The idea that BioWare is cooking up another Dragon Age game should come as little surprise , after all the series' latest installment, Dragon Age Inquisition, was a big Game of the Year winner in 2014 and further pushed the series towards a bigger audience.

That being said, a new Dragon Age exists, but it doesn't have a name or official confirmation. However, last September it was revealed that Fallen London and Sunless Sea creator Alexis Kennedy had signed on with BioWare to work on an undisclosed project. His role would see him join Mike Laidlaw, the creative director of the series and lead writer Patrick Weekes. To anyone who knows anything about BioWare, it was quite obvious what project he was joining, but alas, it still wasn't anything more than informed speculation.

Then the first day Kennedy started, executive producer of the series Mark Darrah tweeted out to Kennedy saying "welcome to the Dragon Age franchise," confirming what Kennedy was working on. Fast-forward to today to an interview between Eurogamer and Kennedy, and Kennedy has confirmed that he is indeed working on a new Dragon Age game.

More specifically, while talking about the change from Stellaris DLC and his own work on Cultist Simulator to AAA development, Kennedy had the following to say:

"There are huge differences between all of that and what I'm working on at BioWare [pause] which I can now legitimately say is in the Dragon Age franchise although it has been known for a while. Notionally it was a secret but, because of who I was working with, everyone who cared knew. And then the day I started, Mark Darrah [executive producer of the Dragon Age franchise] tweeted saying 'welcome to the Dragon Age franchise', so I thought, well, I guess that's official now then."

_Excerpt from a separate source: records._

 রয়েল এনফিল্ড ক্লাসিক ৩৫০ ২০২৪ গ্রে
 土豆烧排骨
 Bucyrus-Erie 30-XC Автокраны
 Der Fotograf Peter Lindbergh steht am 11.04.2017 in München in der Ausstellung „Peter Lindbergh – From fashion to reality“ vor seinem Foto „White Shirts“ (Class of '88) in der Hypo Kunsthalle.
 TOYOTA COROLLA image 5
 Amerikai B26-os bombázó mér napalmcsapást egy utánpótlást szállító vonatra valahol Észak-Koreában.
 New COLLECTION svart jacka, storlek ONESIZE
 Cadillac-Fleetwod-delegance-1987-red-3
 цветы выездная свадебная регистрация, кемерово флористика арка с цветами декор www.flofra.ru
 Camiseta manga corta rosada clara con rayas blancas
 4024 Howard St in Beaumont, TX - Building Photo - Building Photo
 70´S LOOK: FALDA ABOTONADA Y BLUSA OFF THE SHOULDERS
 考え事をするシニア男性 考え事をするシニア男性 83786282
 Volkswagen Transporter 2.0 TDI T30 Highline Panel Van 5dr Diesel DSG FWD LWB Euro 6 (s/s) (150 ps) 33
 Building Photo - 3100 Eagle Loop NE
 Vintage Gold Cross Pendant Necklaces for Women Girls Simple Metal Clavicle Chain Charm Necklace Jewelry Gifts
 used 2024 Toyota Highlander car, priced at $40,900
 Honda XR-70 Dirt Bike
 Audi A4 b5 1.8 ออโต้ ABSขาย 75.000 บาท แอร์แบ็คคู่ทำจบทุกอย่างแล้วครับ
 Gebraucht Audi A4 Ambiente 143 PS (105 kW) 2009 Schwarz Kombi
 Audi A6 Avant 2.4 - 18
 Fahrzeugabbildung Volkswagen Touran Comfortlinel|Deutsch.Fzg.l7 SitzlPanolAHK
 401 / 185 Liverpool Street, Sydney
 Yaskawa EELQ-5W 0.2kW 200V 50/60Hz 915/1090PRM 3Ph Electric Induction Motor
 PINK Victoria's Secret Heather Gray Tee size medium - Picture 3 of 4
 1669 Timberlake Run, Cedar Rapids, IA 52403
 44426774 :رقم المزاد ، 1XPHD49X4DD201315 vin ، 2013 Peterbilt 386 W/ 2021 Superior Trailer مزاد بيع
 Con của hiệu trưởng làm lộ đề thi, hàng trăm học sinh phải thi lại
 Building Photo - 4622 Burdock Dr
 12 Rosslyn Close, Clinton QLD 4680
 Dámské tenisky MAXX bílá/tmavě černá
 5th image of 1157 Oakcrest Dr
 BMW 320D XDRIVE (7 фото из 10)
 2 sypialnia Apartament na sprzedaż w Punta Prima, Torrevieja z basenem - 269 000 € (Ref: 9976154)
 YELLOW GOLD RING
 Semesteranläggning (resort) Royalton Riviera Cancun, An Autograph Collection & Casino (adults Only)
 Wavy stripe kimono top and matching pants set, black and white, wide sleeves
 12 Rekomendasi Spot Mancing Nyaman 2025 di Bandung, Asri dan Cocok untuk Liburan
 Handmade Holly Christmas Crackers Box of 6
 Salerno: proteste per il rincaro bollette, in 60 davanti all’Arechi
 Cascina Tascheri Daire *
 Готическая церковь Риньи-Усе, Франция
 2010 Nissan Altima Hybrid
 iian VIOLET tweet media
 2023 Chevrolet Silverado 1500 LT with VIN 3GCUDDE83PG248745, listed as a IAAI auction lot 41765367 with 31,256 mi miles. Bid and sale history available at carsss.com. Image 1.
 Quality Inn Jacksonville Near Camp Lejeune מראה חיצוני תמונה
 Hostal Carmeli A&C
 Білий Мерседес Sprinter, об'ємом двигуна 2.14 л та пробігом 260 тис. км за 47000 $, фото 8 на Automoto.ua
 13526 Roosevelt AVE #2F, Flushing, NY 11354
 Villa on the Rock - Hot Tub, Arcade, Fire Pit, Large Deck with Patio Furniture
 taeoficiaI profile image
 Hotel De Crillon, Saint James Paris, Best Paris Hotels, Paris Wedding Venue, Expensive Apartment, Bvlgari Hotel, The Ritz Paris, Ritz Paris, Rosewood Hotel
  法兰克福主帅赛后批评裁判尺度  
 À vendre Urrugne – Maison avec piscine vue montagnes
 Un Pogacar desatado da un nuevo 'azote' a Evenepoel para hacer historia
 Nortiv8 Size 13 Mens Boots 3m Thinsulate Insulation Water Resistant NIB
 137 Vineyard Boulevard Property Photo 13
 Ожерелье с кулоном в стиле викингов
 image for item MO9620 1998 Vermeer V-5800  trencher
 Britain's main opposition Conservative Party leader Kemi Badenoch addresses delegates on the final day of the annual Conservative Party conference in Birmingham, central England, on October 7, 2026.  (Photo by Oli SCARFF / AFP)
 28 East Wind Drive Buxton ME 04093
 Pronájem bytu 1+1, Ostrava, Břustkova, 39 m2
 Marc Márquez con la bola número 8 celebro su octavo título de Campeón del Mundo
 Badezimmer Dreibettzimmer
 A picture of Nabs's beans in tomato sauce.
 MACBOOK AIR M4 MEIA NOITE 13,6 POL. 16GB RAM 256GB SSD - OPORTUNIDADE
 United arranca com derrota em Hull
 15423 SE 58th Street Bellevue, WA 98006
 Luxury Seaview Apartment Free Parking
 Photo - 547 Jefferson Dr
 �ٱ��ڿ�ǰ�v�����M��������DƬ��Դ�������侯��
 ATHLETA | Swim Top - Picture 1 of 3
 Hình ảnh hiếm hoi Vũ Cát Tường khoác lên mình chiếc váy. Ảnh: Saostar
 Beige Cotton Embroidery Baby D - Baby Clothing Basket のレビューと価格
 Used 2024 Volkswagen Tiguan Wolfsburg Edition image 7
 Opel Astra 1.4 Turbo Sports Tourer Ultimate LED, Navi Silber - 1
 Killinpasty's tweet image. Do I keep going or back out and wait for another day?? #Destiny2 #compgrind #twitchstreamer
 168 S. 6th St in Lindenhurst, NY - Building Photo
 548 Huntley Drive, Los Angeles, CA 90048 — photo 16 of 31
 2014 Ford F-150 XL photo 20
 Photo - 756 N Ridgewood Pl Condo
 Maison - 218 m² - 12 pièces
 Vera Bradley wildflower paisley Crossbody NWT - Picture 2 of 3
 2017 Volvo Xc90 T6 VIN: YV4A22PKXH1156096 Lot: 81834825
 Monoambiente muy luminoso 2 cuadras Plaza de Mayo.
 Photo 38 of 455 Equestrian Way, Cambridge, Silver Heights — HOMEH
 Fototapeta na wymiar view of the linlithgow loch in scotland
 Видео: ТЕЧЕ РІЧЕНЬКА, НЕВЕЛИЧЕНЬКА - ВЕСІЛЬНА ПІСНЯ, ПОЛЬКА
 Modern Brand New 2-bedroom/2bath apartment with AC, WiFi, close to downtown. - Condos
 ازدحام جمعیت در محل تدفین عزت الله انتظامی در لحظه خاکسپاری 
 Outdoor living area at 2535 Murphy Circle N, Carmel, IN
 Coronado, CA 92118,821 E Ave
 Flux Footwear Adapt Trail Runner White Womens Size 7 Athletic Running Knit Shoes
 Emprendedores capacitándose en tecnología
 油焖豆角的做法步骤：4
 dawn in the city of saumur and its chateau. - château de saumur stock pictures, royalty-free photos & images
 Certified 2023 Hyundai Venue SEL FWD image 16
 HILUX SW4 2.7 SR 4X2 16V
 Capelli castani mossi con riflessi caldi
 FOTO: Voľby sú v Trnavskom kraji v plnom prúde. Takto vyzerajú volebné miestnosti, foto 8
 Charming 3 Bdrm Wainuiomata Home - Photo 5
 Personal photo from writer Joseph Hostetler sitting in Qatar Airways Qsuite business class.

Mild Spoilers for Dragon Age: Inquisition: If you played and beat Dragon Age: Inquisition you may have picked up on hints that the next game is heading to the Tevinter Imperium. If you played the game's final  and excellent DLC Trespasser, which acts like a bridge between Inquisition and future installments, you would have saw that in the final moments of the DLC a dagger is literally placed into a map of the Tevinter Imperium, one of the most mentioned and renowned places in the series that has never been visited.

Kennedy adds the following about the work he is specifically doing:

"What I can say is I have been given considerable autonomy to work on a storyline bit of lore which is well-segregated from other parts of the game, which makes a lot of sense with me being remote. And yes, if you've seen a lot of my work before you will probably not be surprised by the choice of subject matter. It's familiar stuff."

"I don't want to exaggerate the degree of the chunk [I'm writing]. It's more analogous to Patrick Weekes writing [Mass Effect character] Mordin than me being told to go off and write a whole different country... It's nothing that grandiose, but it is distinct. It's a bit of lore which has not been addressed much to date in Dragon Age."

Going off Kennedy's work and what he said above it's possible his role has something to do -- as Eurogamer also points out -- with the Qunari race, a race relatively unknown and separated from the rest of Thedas, aka fitting the bill of what Kennedy describes. Further, Trespasser implies heavily that the Qunari will play a substantial role going forward, which comes as no surprise as they are constantly at arms with Tevinter.

Later in the interview, Kennedy talks how the quests he creates are planned out over a four-day cycle. He specifically says:

 "I have one wall of my flat covered with whiteboard vinyl. One day will be breaking the story on the whiteboard wall for a proper scrawly arrows serial killer effect. [After that, it's] one day creating a skeleton of the quest with placeholder text in the editor; one day fleshing out dialogue; one day for contingency and admin."

Kennedy has said he is nearing the halfway point of his writing time on the game, though the project will continue in production long after he departs.

Speaking on the Dragon Age team within BioWare, Kennedy notes: "It started out small... [pause] I have to be careful what I say. Obviously, BioWare has completed one public project recently so that has freed up some resource. The team is growing."